Compravendita senatori, la Corte dei Conti indaga: Berlusconi rischia di pagare di tasca propria
di LORENZO D’ALBERGO
Se Silvio Berlusconi crede che il caso della presunta compravendita di Sergio De Gregorio, ex senatore dell’Italia dei valori, appartenga ormai al passato, si dovrà ricredere. La procura della Corte dei Conti del Lazio ha infatti aperto un fascicolo sui tre milioni di euro finiti nei conti del Movimento Italiani nel Mondo di De Gregorio, passato nel 2007 al centrodestra e tra gli artefici della caduta del secondo governo Prodi. Ora il Cavaliere rischia di pagare di tasca propria gli effetti finanziari di quel tracollo politico. I magistrati contabili sono infatti pronti a chiedergli un maxi-risarcimento per il danno d’immagine subito dallo Stato e per la progressiva crescita dello spread innescata dalla caduta dell’esecutivo di centrosinistra.
L’indagine delle toghe di viale Mazzini è partita dopo la fine del processo penale a carico del leader di Forza Italia. In primo grado, l’8 luglio 2015, Berlusconi era stato condannato a tre anni di reclusione per corruzione dal tribunale di Napoli assieme all’ex direttore dell’Avanti, Valter Lavitola. Poi, in appello, il 20 aprile 2017 era arrivata la prescrizione. Con una pesante nota a margine: per i giudici di secondo grado, l’ex premier “ha pacificamente agito come privato corruttore e non certo come parlamentare nell’esercizio delle sue funzioni”.
“Le dazioni di denaro effettuate da Berlusconi, tramite Lavitola, a De Gregorio sono state effettuate – si legge ancora nelle motivazioni di quella sentenza – quale corrispettivo della messa a disposizione del senatore e, quindi, della sua rinuncia a determinarsi liberamente nelle attività parlamentari di sua competenza, e non certo come mero finanziamento al Movimento Italiani nel Mondo. Tant’è vero che il 24 gennaio 2008, votando la sfiducia alla maggioranza della quale solo quattro mesi prima faceva parte, De Gregorio contribuì a mettere la parola fine al secondo esecutivo guidato da Romano Prodi”.

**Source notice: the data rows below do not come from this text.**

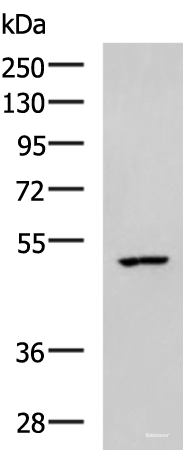 Western blot analysis of MCF7 cell lysate  using CKMT1A/CKMT1B Polyclonal Antibody at dilution of 1:600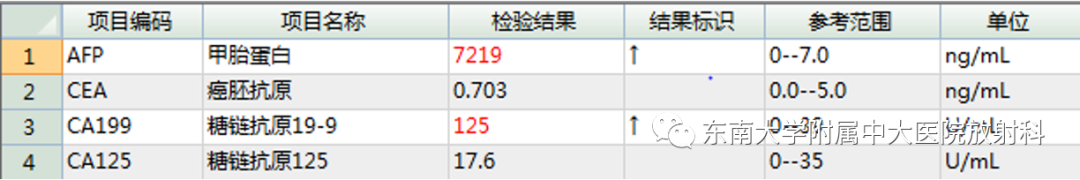 影像PPT - 【PPT】伴胆管扩张的肝内占位-5 影像PPT - 【PPT】伴胆管扩张的肝内占位-5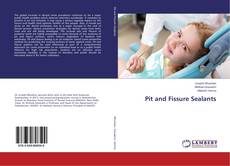 Copertina di Pit and Fissure Sealants
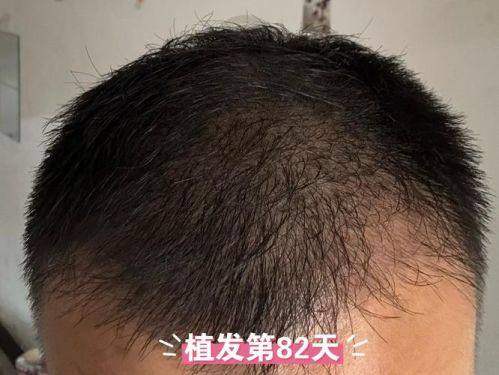 广州崇爱植发医院的环境与服务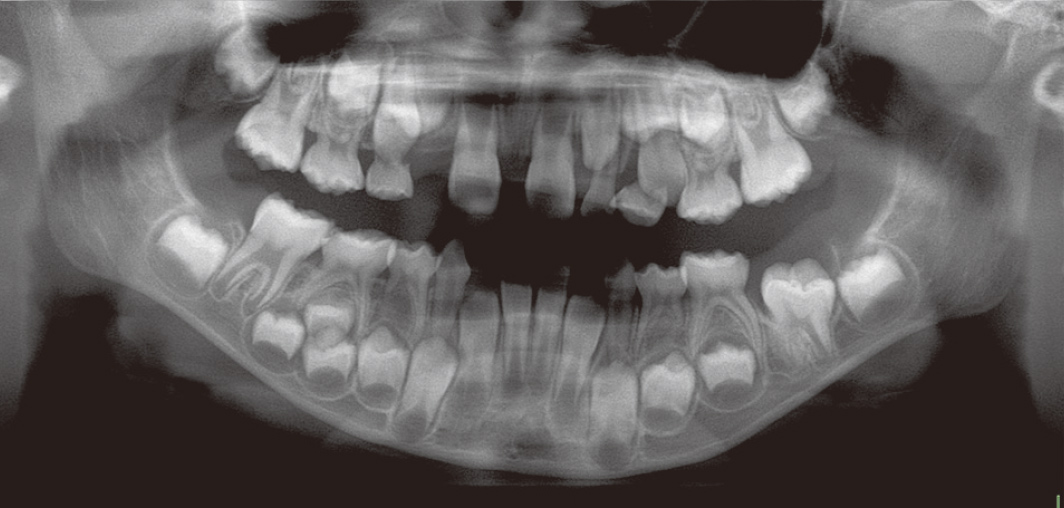 初診時パノラマX線写真像
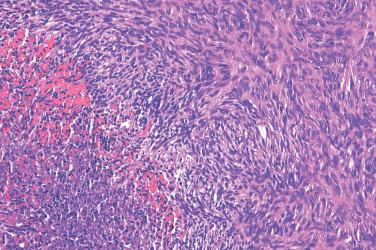 Fig. 6, Cellular fibrous histiocytoma.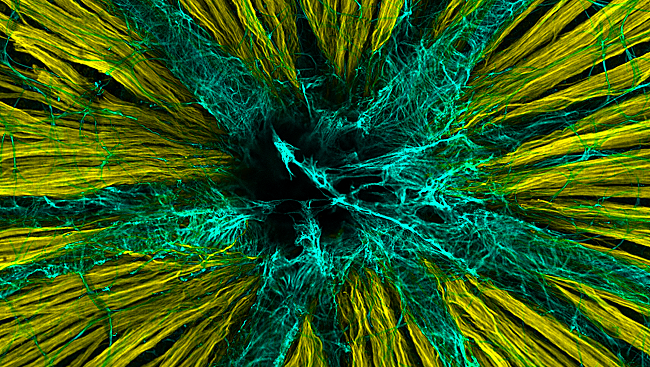 Axons of nerve cells (pictured in yellow) extend through a small opening in the back of the eye (in black) through the optic nerve to higher vision centers. The axons must penetrate another layer of cells known as astrocytes (in blue), which provide nutritional support to the retina.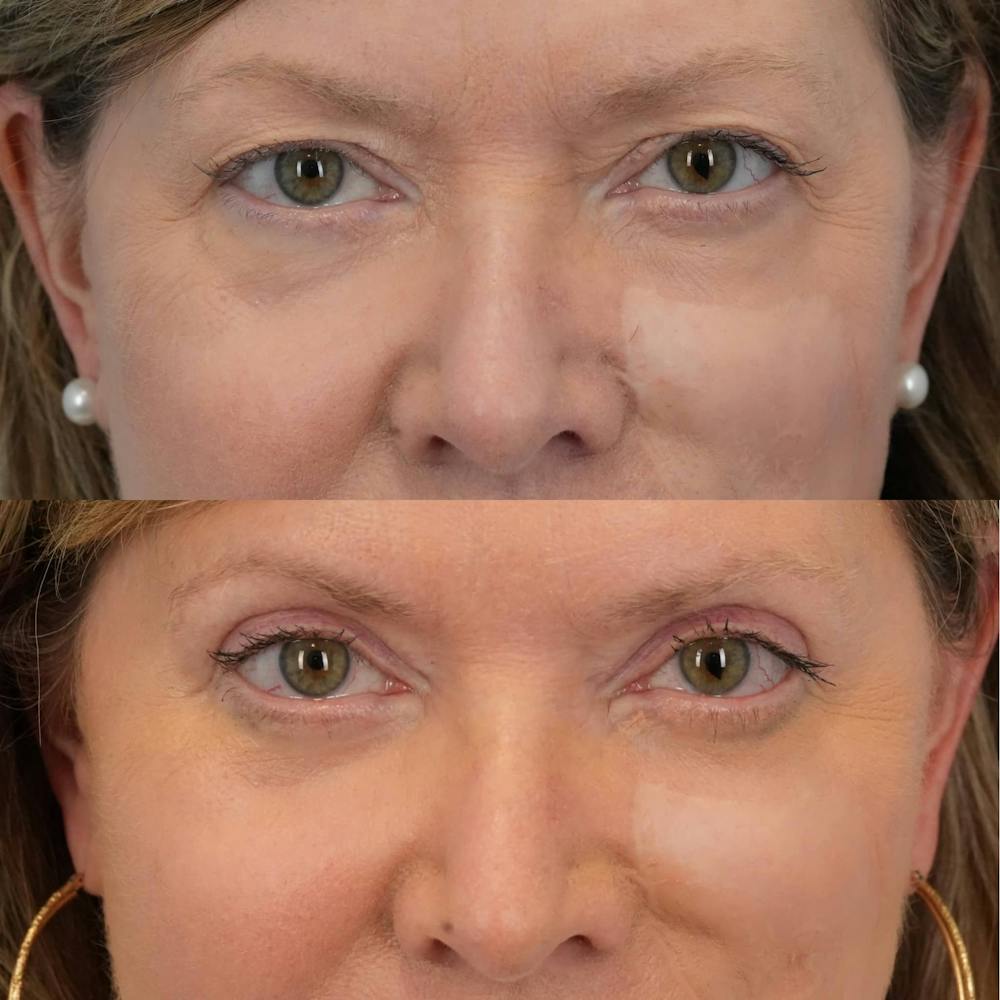 Blepharoplasty Before & After Gallery - Patient 162282 - Image 5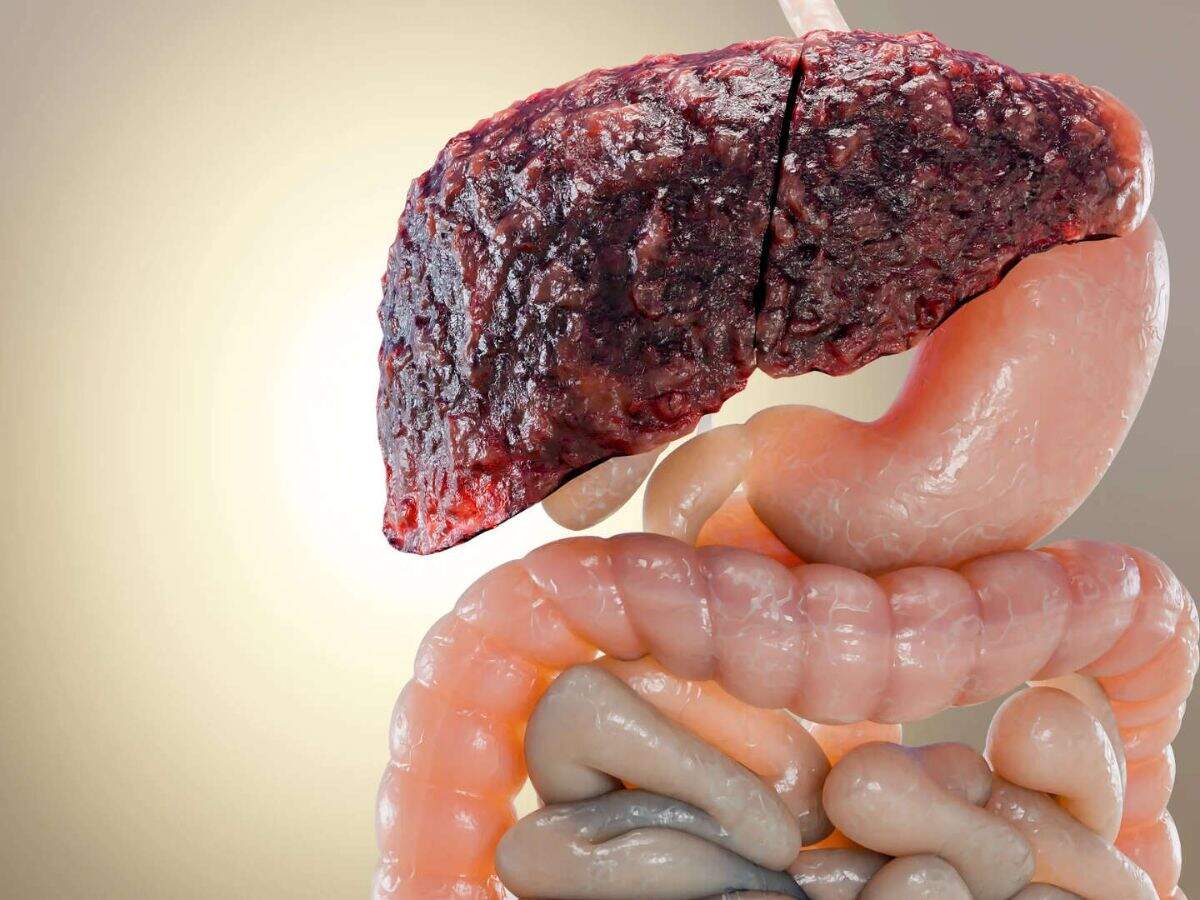 fatty liver treatment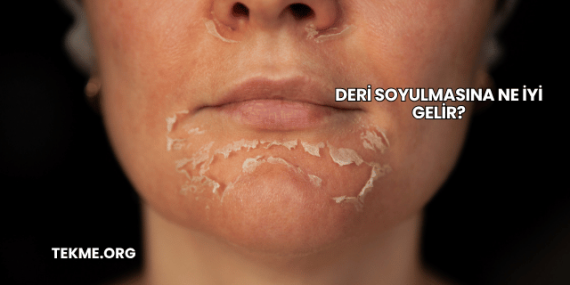 Deri Soyulmasına Ne İyi Gelir?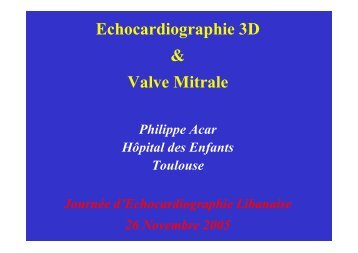 Echocardiographie 3D & Valve Mitrale - Cardiologie-francophone
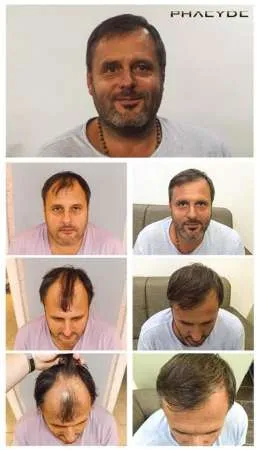 IMPLANT DE PAR - Imaginea 6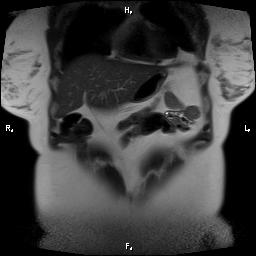File:Bilateral adrenal myelolipoma (Radiopaedia 63058-71537 Coronal T2 28).jpg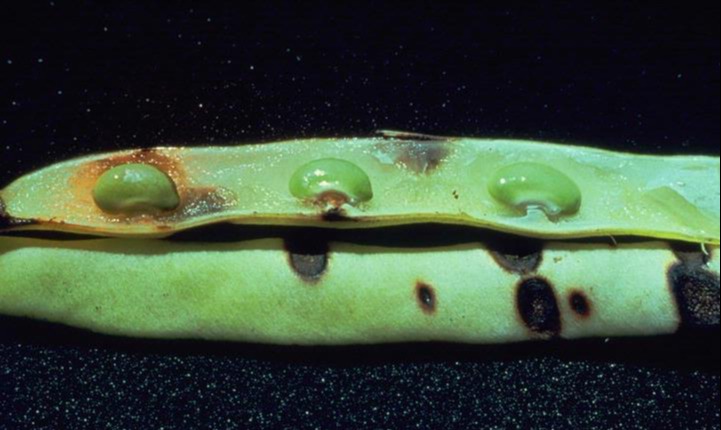 Fasulye Antraknozu (Colletotrichum lindemuthianum)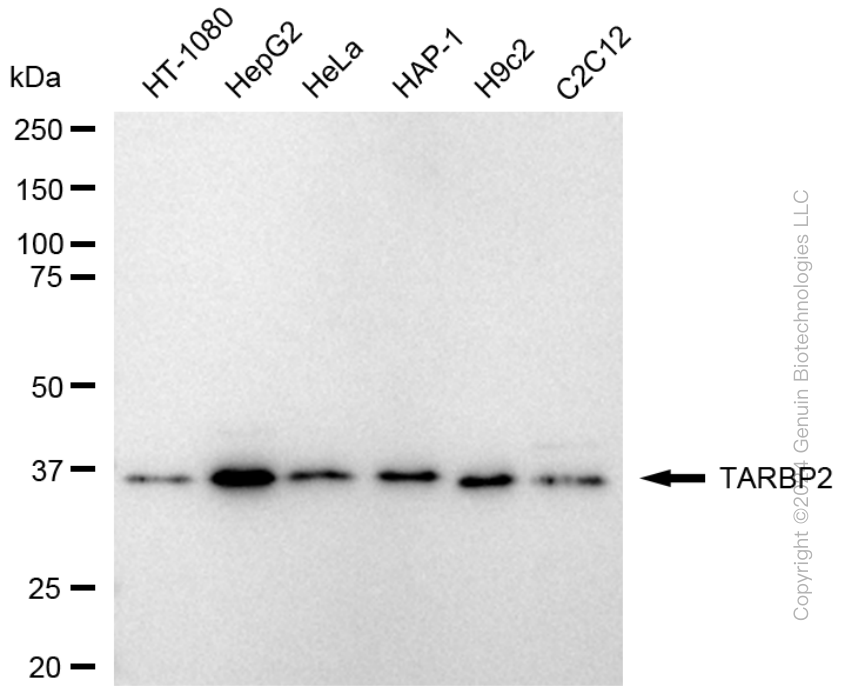 KD-Validated Anti-TARBP2 Rabbit Monoclonal Antibody ABG1754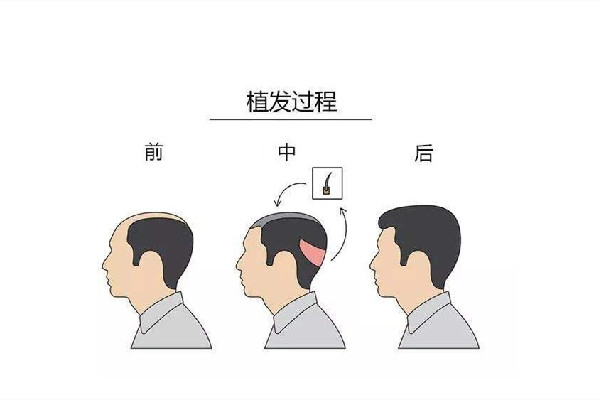 植發需要多少錢 植發按什么標準收費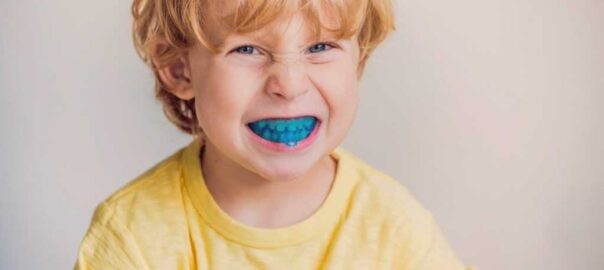 Sport Mouth Guards Carlsbad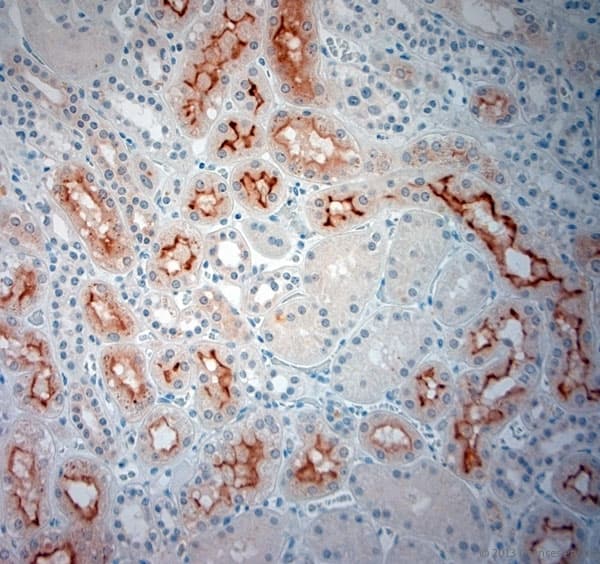 SLC5A8 / AIT Antibody (aa560-610)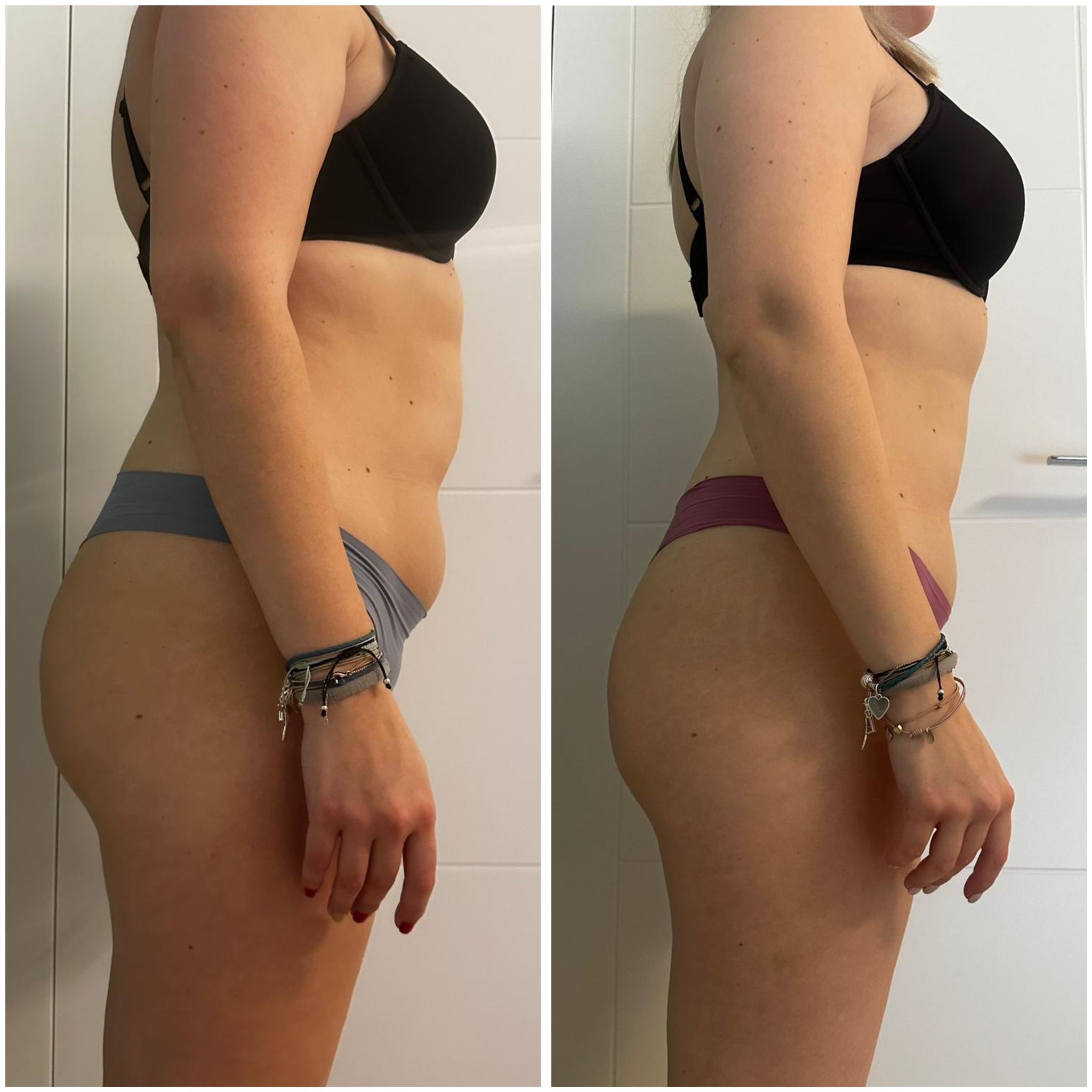 Transformation Photo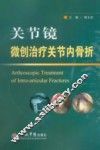 关节镜微创治疗关节内骨折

A questo punto il dossier è finito alla Corte dei Conti, che ha delegato le indagini alla Finanza sugli effetti della caduta del governo sullo spread. Il 6 maggio 2008, ultimo giorno prima dell’addio del professore, la differenza tra il valore dei Btp italiani e dei Bund tedeschi era fermo a 43,3. Da lì in poi il valore è salito senza soluzione di continuità: alla fine del governo Berlusconi IV era arrivato a 522,8 punti. L’ipotesi dei pm contabili è che il boom possa essere contestato proprio ai protagonisti dell’inciucio.
Ma non è finita qui. Capitolo danno all’immagine: la Corte dei Conti può chiedere fino al doppio del valore della tangente pagata o intascata da un pubblico ufficiale o da un dipendente della pubblica amministrazione. E, sebbene il reato sia caduto in prescrizione, i giudici di secondo grado sono stati molto chiari rispetto alla condotta tenuta da Berlusconi e da De Gregorio: “È del tutto pacifico che Berlusconi abbia agito, direttamente o attraverso Lavitola, con assoluta coscienza di corrompere un senatore, compensando la condotta del pubblico ufficiale contraria ai suoi doveri di parlamentare con l’ingente somma di tre milioni di euro”. Che, raddoppiati, fanno salire l’ipotetico danno erariale a sei milioni di euro.